→ **Task to complete**: Without the images, reproduce every entry exactly.

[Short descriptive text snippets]
▽
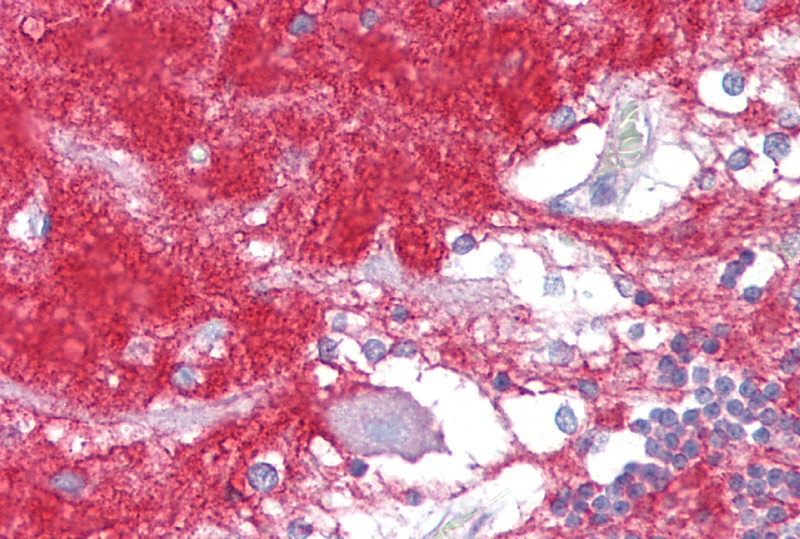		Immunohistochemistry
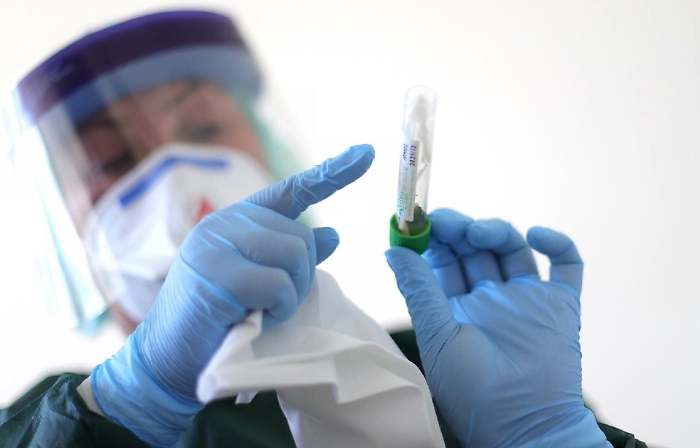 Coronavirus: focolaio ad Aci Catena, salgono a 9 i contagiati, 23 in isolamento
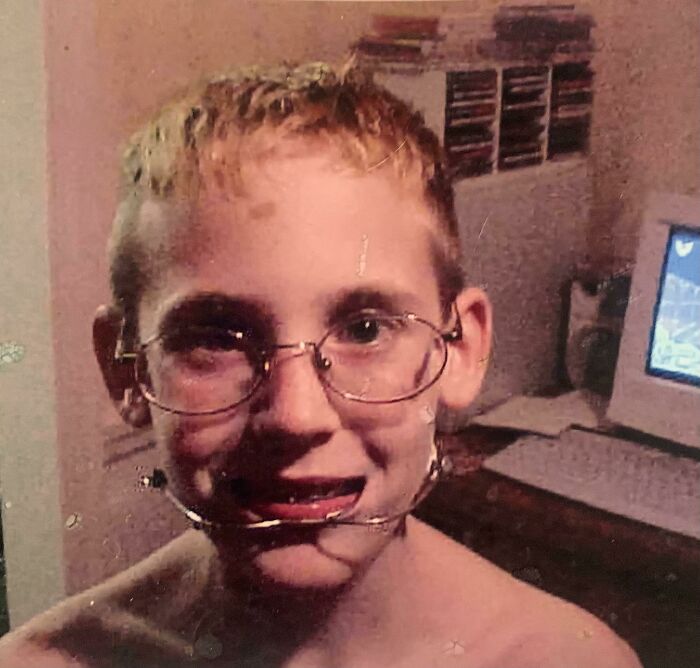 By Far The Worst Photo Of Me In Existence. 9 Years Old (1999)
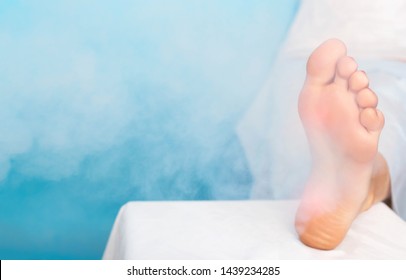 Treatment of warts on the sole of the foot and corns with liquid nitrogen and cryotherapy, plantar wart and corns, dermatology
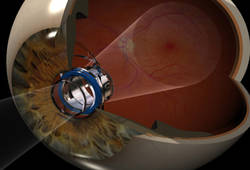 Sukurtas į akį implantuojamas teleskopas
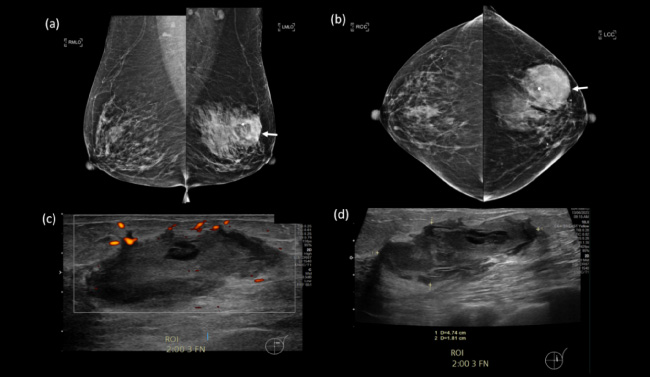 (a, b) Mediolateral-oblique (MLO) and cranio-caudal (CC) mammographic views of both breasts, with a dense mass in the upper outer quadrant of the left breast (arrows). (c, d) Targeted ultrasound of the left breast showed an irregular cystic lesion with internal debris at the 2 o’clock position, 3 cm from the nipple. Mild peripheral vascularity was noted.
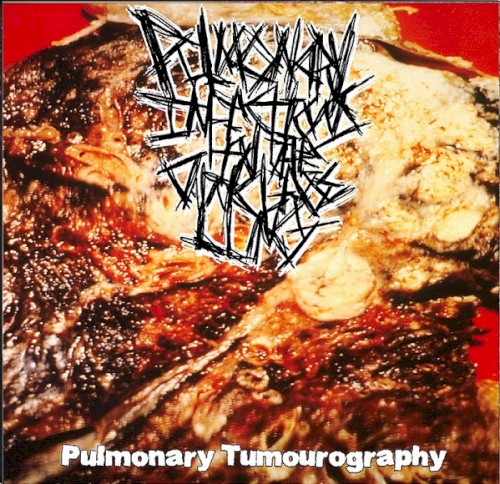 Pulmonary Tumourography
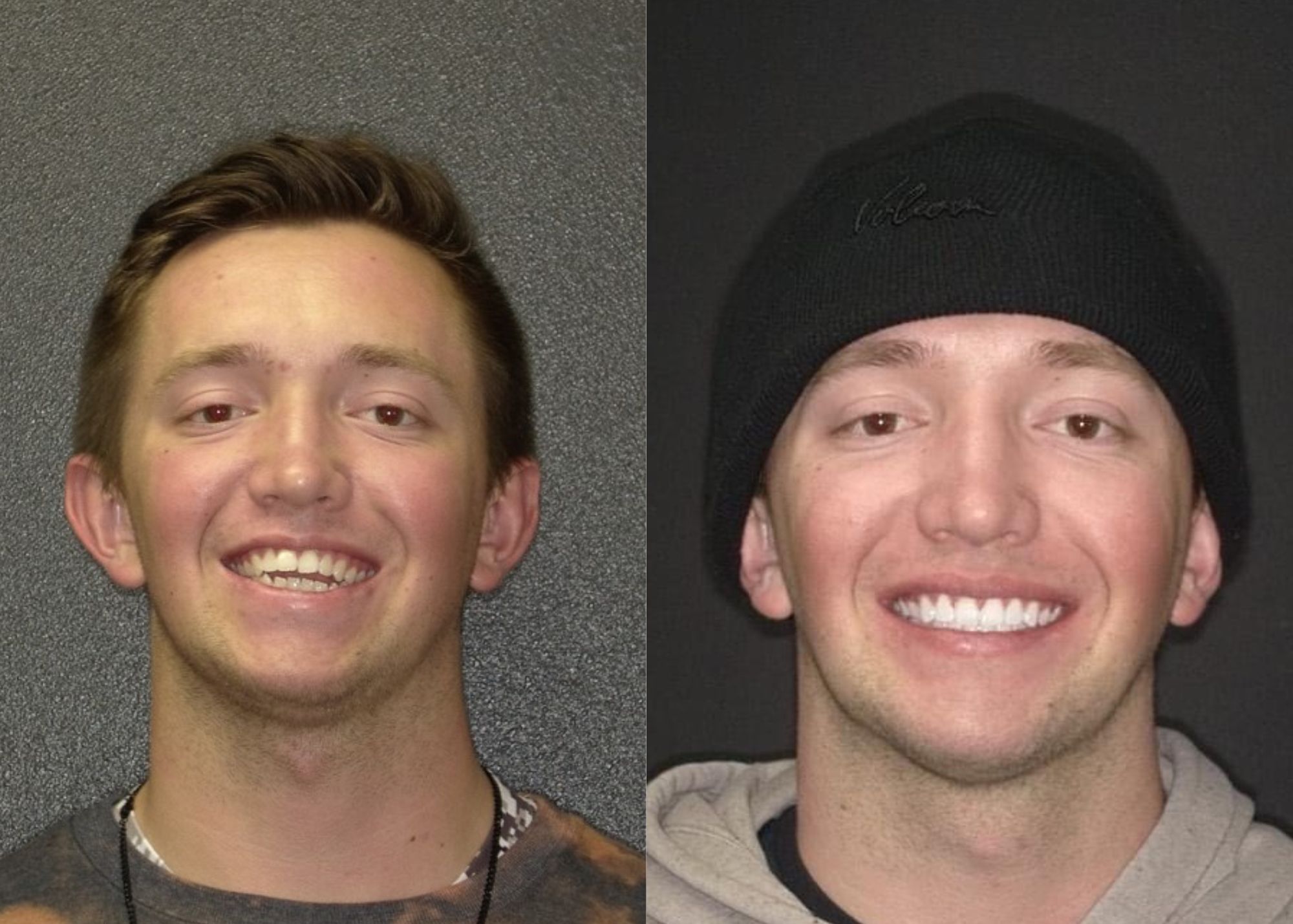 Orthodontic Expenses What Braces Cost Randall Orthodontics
△
→ **Worked solution**:
		Immunohistochemistry
 Coronavirus: focolaio ad Aci Catena, salgono a 9 i contagiati, 23 in isolamento
 By Far The Worst Photo Of Me In Existence. 9 Years Old (1999)
 Treatment of warts on the sole of the foot and corns with liquid nitrogen and cryotherapy, plantar wart and corns, dermatology
 Sukurtas į akį implantuojamas teleskopas
 (a, b) Mediolateral-oblique (MLO) and cranio-caudal (CC) mammographic views of both breasts, with a dense mass in the upper outer quadrant of the left breast (arrows). (c, d) Targeted ultrasound of the left breast showed an irregular cystic lesion with internal debris at the 2 o’clock position, 3 cm from the nipple. Mild peripheral vascularity was noted.
 Pulmonary Tumourography
 Orthodontic Expenses What Braces Cost Randall Orthodontics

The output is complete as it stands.